Yorumunuzu okudum. Ve sonra bir kaç kere daha okudum. Doğru anlamış olduğumdan emin olabilmek için. Yorumunuza vereceğim bir kaç cevap var, ama önce kendi yazımla ilgili bir iki şey yazmak istiyorum.

Kendi yazımda, yazarken farketmediğim bir şeyi gördüm sizin yorumunuzdan sonra: Sanki NY hasmımmış gibi bir tablo çıkmış ortaya. Yani haz etmediğim doğru, ama yazının dozu anlamı biraz kaydırmış. Ben aslında vicdan kavramının filme yansımasından ne anladığımı yazmaya çalışmıştım, ama becerememişim. Bu bağlamda cidden kötü bir yazı olmuş. Sanırım bunun nedeni filme sizin iddianızın aksine gerçekten çok şey bekleyerek gitmiş olmam. Şimdi çok sağlıklı değerlendirmek de pek mümkün değil aslında; o anki durumu çok net hatırlamıyorum zira. İkinci olarak oyunculuklara değineyim; ve tabi yaptığım ikinci hataya: Yine doğru ifade edememişim. Kadının taş kalpli olması değildi benim eleştrimeye çalıştığım; benim o taş kalpliliğe ikna olamamamdı. İnanın taş kalpli olmasının oyunculukla değil, senaryoyla alakalı olduğunu biliyorum. Bahsettiğiniz taksi sahnesi de bana yetenekten ziyade bönlük gibi göründü.

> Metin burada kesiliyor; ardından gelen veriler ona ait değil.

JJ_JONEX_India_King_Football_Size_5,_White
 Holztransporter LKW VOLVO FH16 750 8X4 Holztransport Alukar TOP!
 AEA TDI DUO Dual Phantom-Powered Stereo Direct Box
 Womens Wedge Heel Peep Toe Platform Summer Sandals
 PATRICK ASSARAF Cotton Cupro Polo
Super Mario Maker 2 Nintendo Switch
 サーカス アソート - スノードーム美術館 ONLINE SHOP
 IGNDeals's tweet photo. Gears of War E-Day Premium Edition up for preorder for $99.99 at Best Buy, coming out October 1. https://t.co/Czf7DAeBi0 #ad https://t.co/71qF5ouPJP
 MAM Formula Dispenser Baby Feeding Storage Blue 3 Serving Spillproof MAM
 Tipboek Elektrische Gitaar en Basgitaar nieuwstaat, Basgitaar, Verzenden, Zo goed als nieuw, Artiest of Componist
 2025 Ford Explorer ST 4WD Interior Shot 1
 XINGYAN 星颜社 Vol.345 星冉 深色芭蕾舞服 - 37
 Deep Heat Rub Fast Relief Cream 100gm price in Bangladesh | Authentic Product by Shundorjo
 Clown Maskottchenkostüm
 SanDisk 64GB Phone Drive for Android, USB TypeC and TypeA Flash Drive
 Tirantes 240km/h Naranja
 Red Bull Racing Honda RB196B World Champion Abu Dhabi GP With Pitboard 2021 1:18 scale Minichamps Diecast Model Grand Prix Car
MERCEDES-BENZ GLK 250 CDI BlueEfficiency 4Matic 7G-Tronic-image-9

Dediğim gibi, filmin sonundaki sizi çok etkileyen bu sahne bana hiç dokunmadı. Sanırım sizi ikna eden şeyleri ben ıskaladım, ya da kişisel bazı açıklıklar ve kapalılıklar buna neden olmuş olabilir.

Bütün bunlara ek olarak kendime bir soru sormamı sağladınız: NY’yi mi sevmiyorsun, oradaki karakterin canlandırılmasını mı beğenmedin? NY’den pek hoşlanmıyorum açıkçası; gerek tarz, gerek oyunculuk olarak. Oyunculuklarında hep aynı tabloyu görüyorum belki de. Ama gerçek hayatındaki tarzı? Müsadenizle bundan hoşlanıp hoşlanmamak benim kendi tercihim olarak kalsın. Sizin hoşunuza gidiyormuş, samimi buluyormuşsunuz. Hiç bir itirazım olamaz. Yine müsadenizle, ben aynı tarzdan son derece rahatsız oluyorum ve hiç hoşlanmıyorum diyebilir miyim? Sizin samimiyet olarak tanımladığınız yönü bana yalnızca avam geliyor, üzgünüm. Bütün bunları bir kenara ittiğimde de filmdeki karakterin canlandırılışını beğenmedim desem? Ya da beni ikna edemedi desem? Bana çok kızacaksınız gibi geliyor.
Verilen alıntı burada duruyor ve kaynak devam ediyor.